All of lore.kernel.org
 help / color / mirror / Atom feed
From: "Alex Bennée" <alex.bennee@linaro.org>
To: Nicholas Piggin <npiggin@gmail.com>
Cc: qemu-devel@nongnu.org,
	"Pavel Dovgalyuk" <Pavel.Dovgalyuk@ispras.ru>,
	"Philippe Mathieu-Daudé" <philmd@linaro.org>,
	"Richard Henderson" <richard.henderson@linaro.org>,
	"Paolo Bonzini" <pbonzini@redhat.com>,
	"John Snow" <jsnow@redhat.com>, "Cleber Rosa" <crosa@redhat.com>,
	"Wainer dos Santos Moschetta" <wainersm@redhat.com>,
	"Beraldo Leal" <bleal@redhat.com>,
	"Michael Tokarev" <mjt@tls.msk.ru>
Subject: Re: [PATCH v4 05/24] Revert "replay: stop us hanging in rr_wait_io_event"
Date: Tue, 12 Mar 2024 13:33:30 +0000	[thread overview]
Message-ID: <87v85ro9qt.fsf@draig.linaro.org> (raw)
In-Reply-To: <20240311174026.2177152-6-npiggin@gmail.com> (Nicholas Piggin's message of "Tue, 12 Mar 2024 03:40:07 +1000")

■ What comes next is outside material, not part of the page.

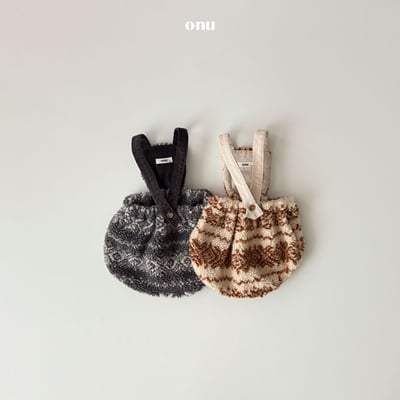 onu 01｜(6m-12m) 雪花刷毛吊帶包屁褲3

Nicholas Piggin <npiggin@gmail.com> writes:

> This reverts commit 1f881ea4a444ef36a8b6907b0b82be4b3af253a2.
>
> That commit causes reverse_debugging.py test failures, and does
> not seem to solve the root cause of the problem x86-64 still
> hangs in record/replay tests.

I'm still finding the reverse debugging tests failing with this series.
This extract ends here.